24 Elul-September 15 is the yahrtzeit of both the Chofetz Chaim and HaRav Yechezkel Abramsky. These two gedolei Yisroel were also linked in life in a famous incident. Now, some additional color has been added.

RAbramsky
HaRav Yechezkel Abramsky (center left) and HaRav Elchonon Kunstadt (center right)

HaRav Dovid Kunstadt notes that his father, HaRav Elchonon Kunstadt (a founder of Kol Torah Yeshiva in Jerusalem), had a regular practice together with HaRav Gedaliah Eiseman of visiting HaRav Yechezkel Abramsky once a week. Several times upon these visits, HaRav Abramsky told them about another dream he had in Siberia (in addition to the dream mentioned last week about Rabbi Akiva Eiger).

As is known, HaRav Yechezkel Abramsky, the author of Chazon Yechezkel, was arrested by the Bolsheviks and exiled to Siberia in 1929.

At first he tried his luck and went underground to escape the Bolsheviks who were determined to seize him. He once sought refuge in the home of an elderly couple. He asked for a Torah work that he could study from. His hostess said that she only had one sefer, which happened to be a work of responsa by HaRav Yitzchok Elchonon Spector. He opened it up at random to begin reading, and the sefer opened up to a teshuva on which he and HaRav Spector had differed very divergently. As a result, he said, "Now I am sure I will be caught since Rabbi Yitzchok Elchonon has a kepeida towards me for having differed and ruling against him in the question that opened at random." He was subsequently arrested and sent to Siberia.

One day, in Siberia, he turned to his roommate and stated, "Today I am going to be freed."

"How do you know?" the man asked.

"Because I saw HaRav Yitzchok Elchonon in a dream and he was smiling at me. I understand that his kepeida against me has resolved so I will be freed." On the following day, Erev Yom Kippur, he was in fact released. This is what HaRav Abramsky told HaRav Elchonon Kunstadt and HaRav Gedaliah Eiseman.

It is also well-known that HaRav Elchonon Wassermann was walking together with the Chofetz Chaim on that Erev Yom Kippur, when suddenly, the Chofetz Chaim said to him, "The Bolsheviks have not succeeded! HaRav Yechezkel Abramsky was released from jail." HaRav Elchonon looked at his watch and later, when HaRav Yechezkel arrived, he learned that it had been precisely at that time that the Chofetz Chaim made his remark that he was freed from prison.

An additional interesting testimony adds to the picture, this time from another son of HaRav Kunstadt, HaRav Avrohom Arye: HaRav Yechezkel Abramsky once got on to the #12 bus in Bayit Vegan, and as he got on, there was a reaction among the passengers. Some of the passengers stood up for him, others remained silent and yet others spoke among themselves excitedly.

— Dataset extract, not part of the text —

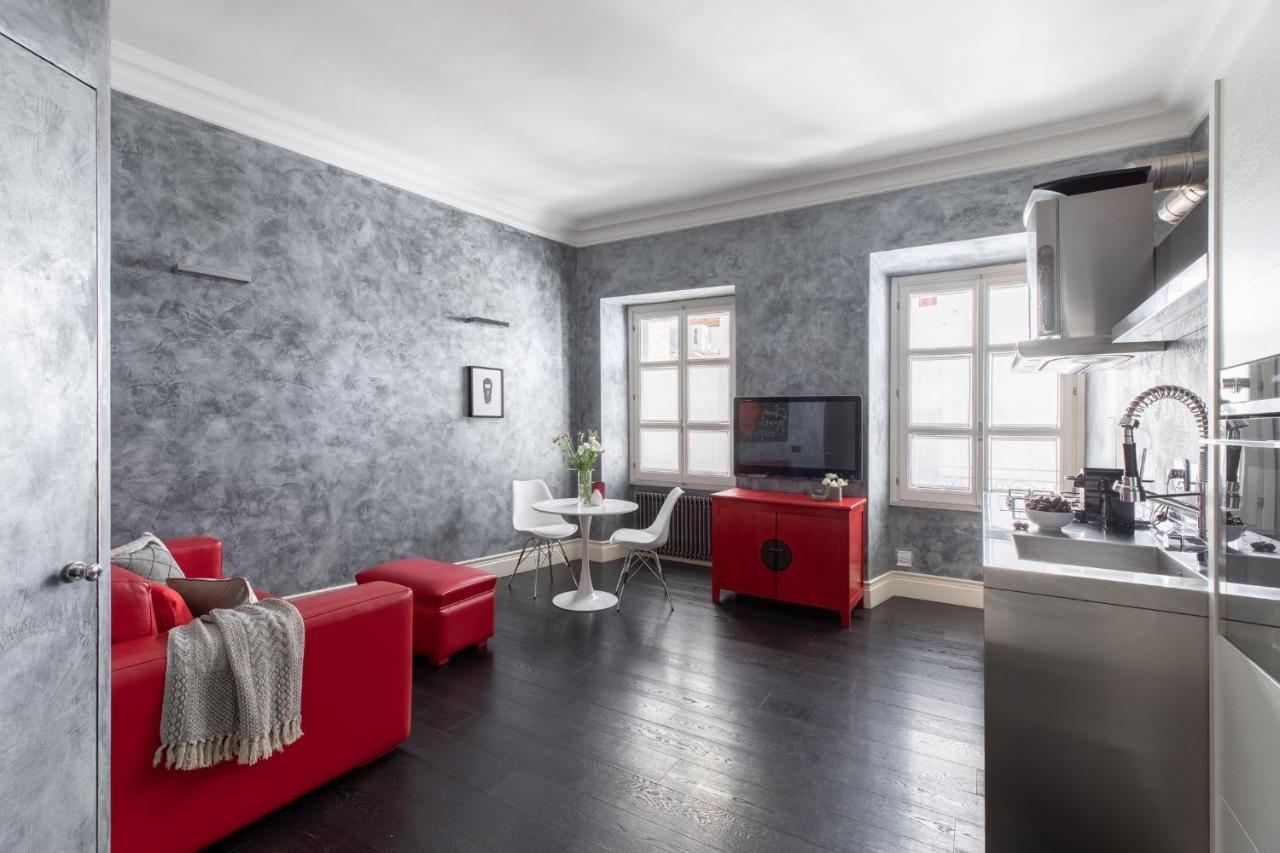 Apartment Iflat A Sparkle Of Red In Trastevere *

The driver, an observant Jew who was not young, felt the undercurrent and asked: "What's going on here?"

He received the answer from several of the passengers: "HaRav Abramsky has just come on. We can't help looking at him and talking about him."

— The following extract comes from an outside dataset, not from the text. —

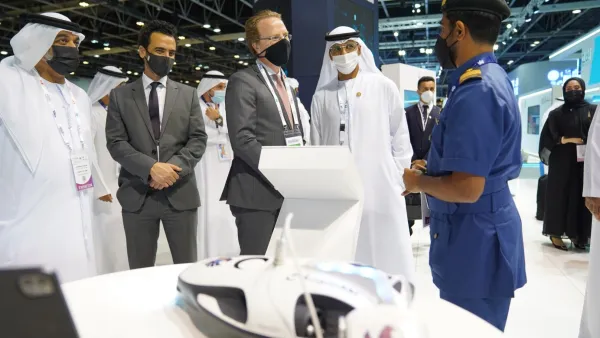 منصة "الموانئ والجمارك" تستقبل وفود خارجية ومحلية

"That's HaRav Abramsky?" the driver asked, obviously moved, and stopped the bus.

He got off his seat and approached the revered passenger, and said, "I was in Radin and walked very close behind the Chofetz Chaim along the path leading to the yeshiva. I heard the Chofetz Chaim telling his accompanier, HaRav Elchonon, about your release from Siberia. He said, `The Bolsheviks did not succeed. Boruch Hashem, HaRav Abramsky was freed from Siberia.'"

*

HaRav Elchonon Kunstadt also told that he heard from HaRav Yechezkel that he had had a dream on a Friday night in which he saw his master, HaRav Chaim Soloveitchik from Brisk, reproving, "We must study more. We must increase our study of Torah more and more. Me darf lernen mehr."

"I woke up and got up to learn Torah. And wonder of wonders, I had given over a work of divrei Torah to the printer that Friday morning, but now I suddenly discovered a mishnah just a few pages onward which almost explicitly negated what I had written. I had made a painful mistake! On Sunday, I went back to the printer, took back the pages and quickly made the necessary correction. HaRav Chaim saved me from terrible embarrassment."